> _SOURCE MATERIAL_
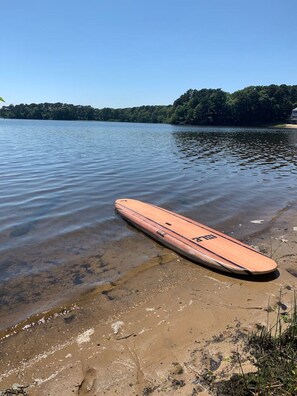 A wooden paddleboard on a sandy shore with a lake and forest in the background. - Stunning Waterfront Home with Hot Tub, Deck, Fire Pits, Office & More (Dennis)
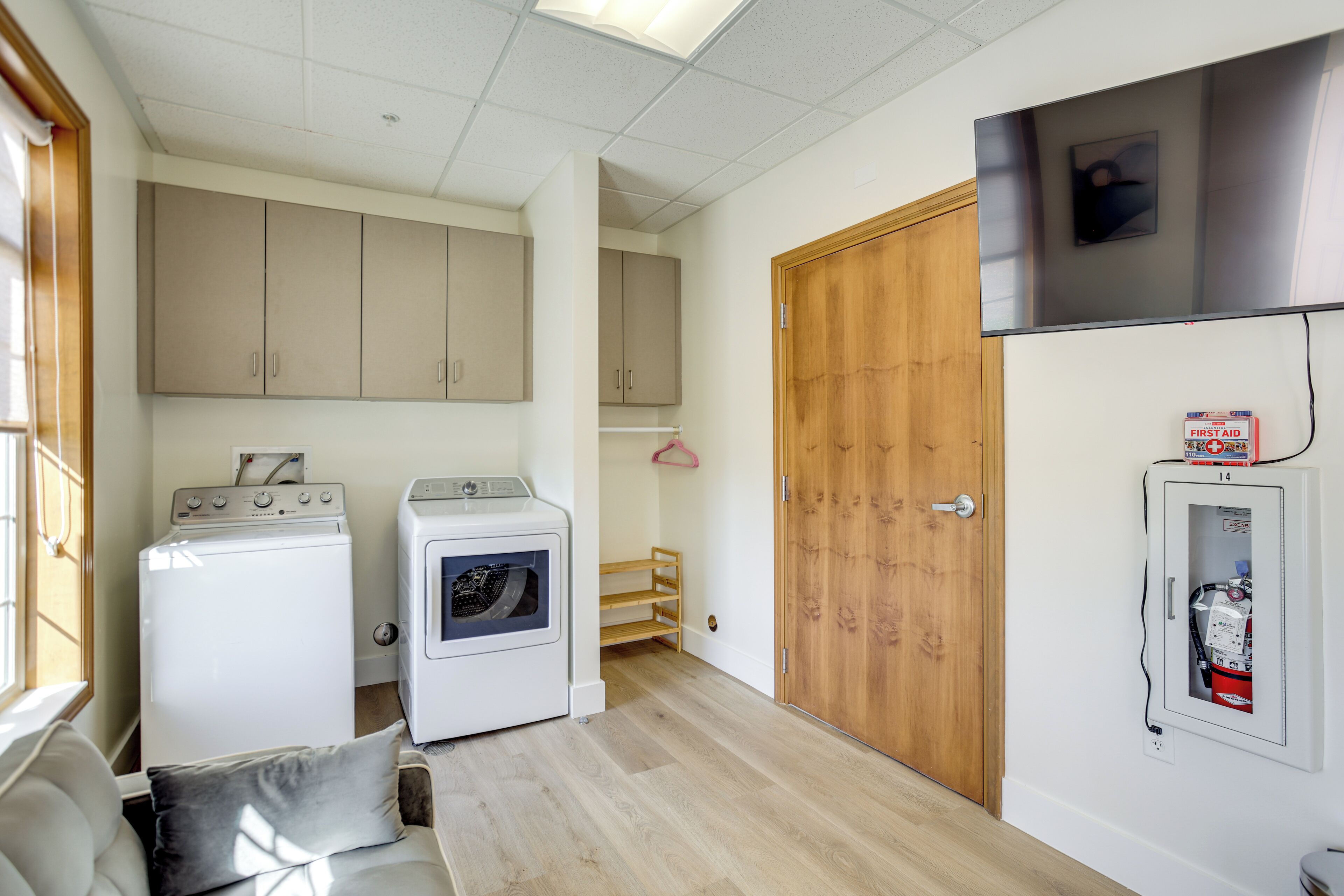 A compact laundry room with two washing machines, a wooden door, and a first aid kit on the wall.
---
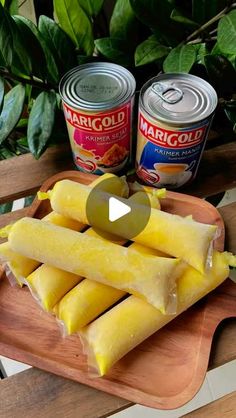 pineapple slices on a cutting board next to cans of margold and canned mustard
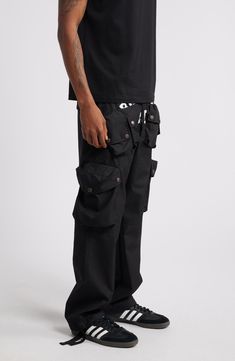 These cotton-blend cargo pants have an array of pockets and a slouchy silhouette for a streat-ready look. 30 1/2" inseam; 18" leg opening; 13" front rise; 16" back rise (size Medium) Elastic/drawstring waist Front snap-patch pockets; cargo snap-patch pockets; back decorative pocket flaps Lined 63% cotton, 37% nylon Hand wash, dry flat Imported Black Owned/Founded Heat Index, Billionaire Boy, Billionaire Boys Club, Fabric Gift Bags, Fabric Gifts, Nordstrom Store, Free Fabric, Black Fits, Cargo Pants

> _ACTIVITY_
From the records above, return exactly the lines running from the one that contains "A wooden paddleboard" down to the one that contains "A compact laundry", both included, without any pictures.

> _EXERCISE RESPONSE_
 A wooden paddleboard on a sandy shore with a lake and forest in the background. - Stunning Waterfront Home with Hot Tub, Deck, Fire Pits, Office & More (Dennis)
 A compact laundry room with two washing machines, a wooden door, and a first aid kit on the wall.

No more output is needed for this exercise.